The 5 Love Languages
Gary Chapman
Contributed by Roseanne Meinecke
Chapter 2
Summary

The author insists on the importance of love by quoting both religious texts and psychologists’ views towards the topic, as well as showing the lengths people go for the sake of love. Chapman quotes the Apostle Paul's choice of exalting love through the statement that most human achievements that do not draw their motivation from love end up empty. The author believes in joy and happiness in love adding that it is the most exceptional quality in life. 

The author argues that people attach most activities in their lives to the extent of their love when doing them. For instance, people declare their love of events and experiences and especially people in their lives, such as family and friends. Chapman states that people, generally, are in love with the concept of love. He also says that people use the very idea of love to validify certain acts; how people do things for the sake of love, people commit adultery in the name of love and parents can yield to all their children’s wishes, for love. From the above ideas and relations of what people consider to be love, Chapman tries to understand what this mysterious emotion is.

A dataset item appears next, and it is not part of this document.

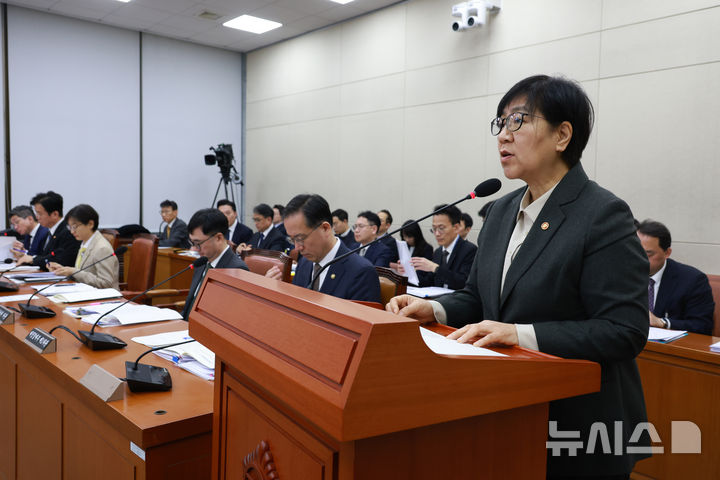 [서울=뉴시스] 고승민 기자 = 정은경 보건복지부 장관이 18일 서울 여의도 국회에서 열린 연금개혁특별위원회 제6차 전체회의에서 업무보고를 하고 있다. 2026.03.18. kkssmm99@newsis.com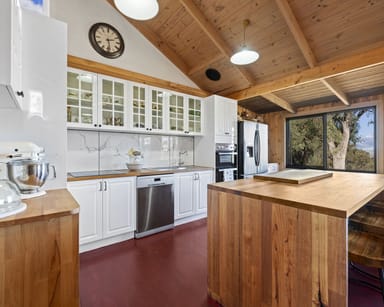 Property 28 Bushland Close, Tolmie VIC 3723 IMAGE 0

Chapman lets us know that he did not write the book with the aim of doing away with the chaos and confusion that surrounds love. The author states that his book focuses on the sort of love that is vital to people’s emotional health. Chapman introduces the idea of a ‘love tank’ which gets nurtured from childhood. He describes how children have a tank of emotional love that always needs filling. How the child turns out depends on how the child is brought up until their adulthood. The author writes about the analogy of a girl who was thirteen years old and suffering from a venereal disease. The young girl had a void in her emotional love tank that she struggled with, leading to premarital sex which in turn caused severe results. Chapman argues that it is important for both children and partners to fill the emotional love tank to avoid an inner struggle with love.

Analysis

Chapman understands the need for everyone to feel loved and how important it is to reciprocate those feelings love that’s why he comes up with the topic of keeping the love tank full. He describes the matter of keeping the love tank full as a different entity to the potential dwindling of loves flame after a wedding. The love tank is something that all people possess and is nurtured from infancy throughout one’s lifetime by the loved ones around them. If the love tank fails to get replenished continuously, severe repercussions occur as in Ashley’s case. The author notes that the dire need to feel loved by friends, family and spouse is the epitome of all love issues, especially in marriage. In chapter two, Chapman has produced a clear explanation of emotional fulfilment and love, and that without the loving attention of a spouse, the love goes dry. It is clear that it is the love tank that helps marriages see success and produces many years of happiness.